How Conesus Lake gets its walleye

The Finger Lakes Community College Muller Field Station on Honeoye Lake will hold an open house Saturday, April 9, so the public can watch the walleye culturing operations there.
The 7th annual Walleye Weekend runs from 10 a.m. to 2 p.m. at the field station, 6455 County Road 36, at the south end of Honeoye Lake. This event is free and open to the public.
At FLCC's Fish Culture and Aquatic Research Center, college faculty, staff and students catch adult walleye from Honeoye Lake then remove and combine the eggs and milt.

The fertilized eggs hatch at the center and are moved to ponds where they grow to fingerlings of three to four inches for stocking Conesus Lake. The walleye must be released as fingerlings because the alewives in Conesus Lake would eat the hatchlings, also known as fry.
While at Muller Field Station, visitors can also view displays related to other FLCC environmental conservation programs, including black bear research and Honeoye Lake aquaculture research.
For more information, call Nancy Lawson in the FLCC Department of Environmental Conservation and Horticulture at (585) 785-1257.
The Muller Field Station property was donated to the FLCC Foundation in 2000 by Florence Muller. Her late husband, Emil Muller, used the property as a hunting and recreational lodge. Today the field station serves as a learning and research center for both FLCC students and the community.

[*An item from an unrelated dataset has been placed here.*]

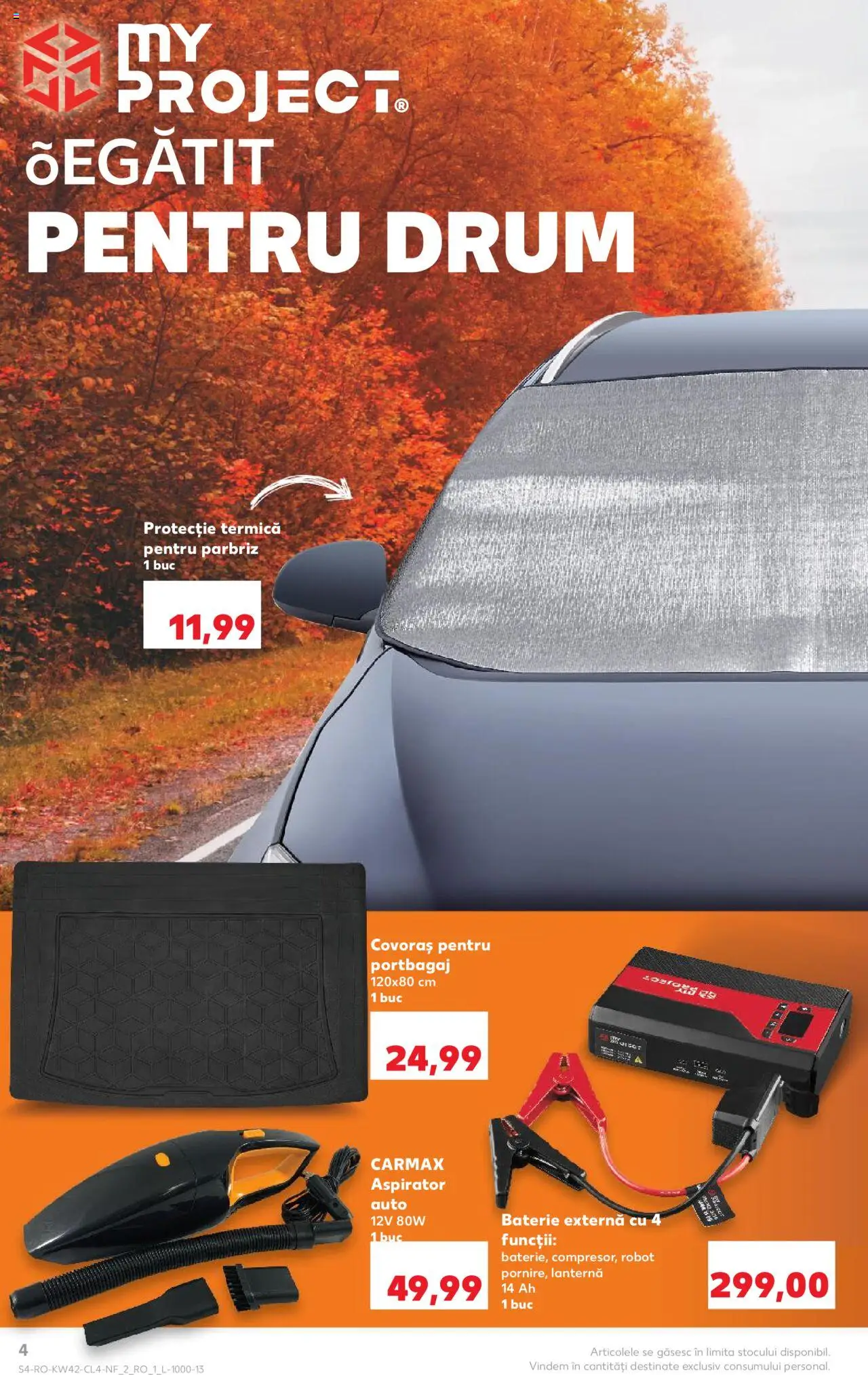 Noul catalog Kaufland – valabil de la 15.10.2025 | Pagină: 4 | Produse: Aspirator, Robot, Baterie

Its mission is to promote understanding and appreciation of environmental issues and the natural resources of the Finger Lakes region.


  1. Why are the walleye fingerlings raised from eggs taken from Honeoye Lake walleye not released back into Honeoye Lake?

  2. It's my understanding that Honeoye Lake does not have the problem with alewives and that fry in Honeoye Lake can survive to adulthood, but I will check with our resident expert, John Foust, and get back to you.

    --Lenore Friend, FLCC Community Affairs

  3. Below is a response from John Foust, assistant professor of environmental conservation:

    The NYSDEC determines where our walleye are stocked as part of the cooperative agreement. Conesus and Honeoye Lakes have different walleye management strategies. Honeoye receives fry stocking only while Conesus receives fingerlings only.
    --John Foust

  4. Different walleye management strategies. Honeoye Lake has THOUSANDS of man hours trying to fish and catch walleye all year round, especially these last two winters - and hardly any get caught. Conesus Lake - hardly anyone fishes for walleye anymore and ice fishing success is practically non-exisitent yet we see walleye stacked like cordwood in the spring spawning. Conesus may have alewives, but the walleye fry in Honeoye are just fish food for the millions of sunfish and juvinille bass in Honeoye Lake. Perhaps it is time for the NYSDEC to change management and to stock fingerings in Honeoye Lake?